Ionospheric storm enhanced density (SED) has been extensively investigated using total electron content deduced from GPS ground and satellite-borne receivers. However, dayside in situ electron density measurements have not been analyzed in detail for SEDs yet. We report in situ electron density measurements of a SED event in the Northern Hemisphere (NH) at the noon meridian plane measured by the Challenging Minisatellite Payload (CHAMP) polar-orbiting satellite at about 390 km altitude during the 20 November 2003 magnetic storm. The CHAMP satellite measurements render rare documentation about the dayside SED s life cycle at a fixed magnetic local time (MLT) through multiple passes. Solar wind drivers triggered the SED onset and controlled its lifecycle through its growth and retreat phases. The SED electron density enhancement extended from the equatorial ionization anomaly to the noon cusp.

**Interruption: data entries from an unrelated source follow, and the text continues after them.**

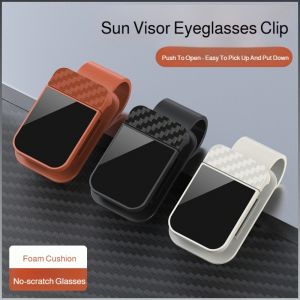 Organizer One-touch Opening and Closing Convenience Eyeglasses Holder Organized High Temperature Resistance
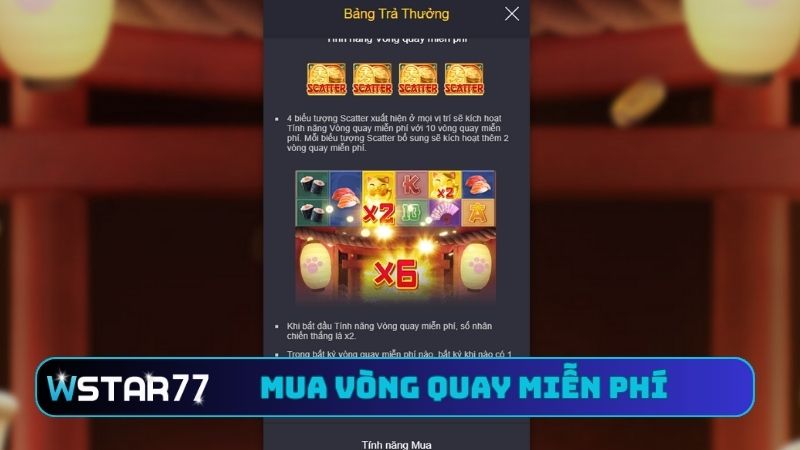 Hướng Dẫn Chơi Lucky Neko Tại Wstar77 - Săn Hũ Mèo Vàng 3 Mua vòng quay miễn phí trong Lucky Neko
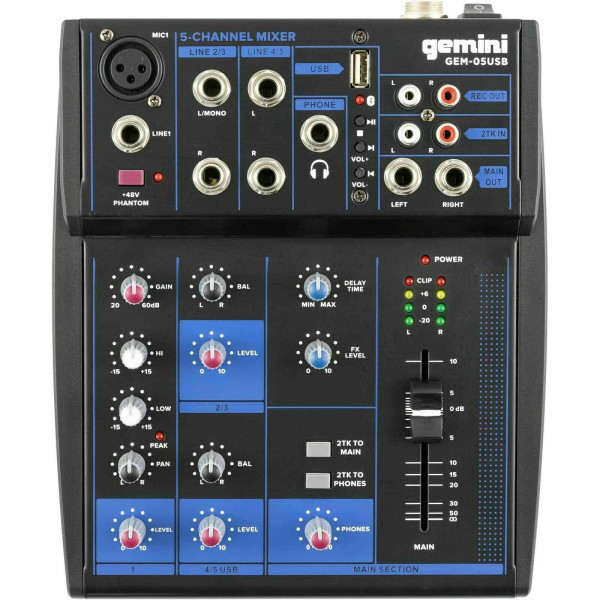 GEMINI GEM-05USB Miglior Prezzo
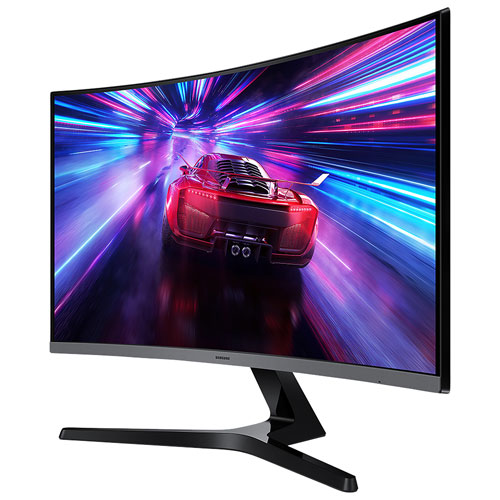 Samsung 32" FHD 100Hz 4ms GTG Curved VA LED FreeSync Gaming Monitor (LS32D390GANXZA) - Black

The midlatitude electron density increased to a maximum at the end of the growth phase. Afterward, the dayside SED region retreated gradually to lower magnetic latitudes. The observations showed a hemisphere asymmetry, with the NH electron density exhibiting a more significant enhancement. The simulations using the Thermosphere Ionosphere Electrodynamic General Circulation model show a good agreement with the CHAMP observations. The simulations indicate that the dayside midlatitude electron density enhancement has a complicated dependence on vertical ion drift, neutral wind, magnetic latitude, MLT, and the height of the F2 layer. Finally, we discuss the notion of using the mean cross-polar cap electric field as a proxy for assessing the effects of solar wind drivers on producing midlatitude electron density enhancement.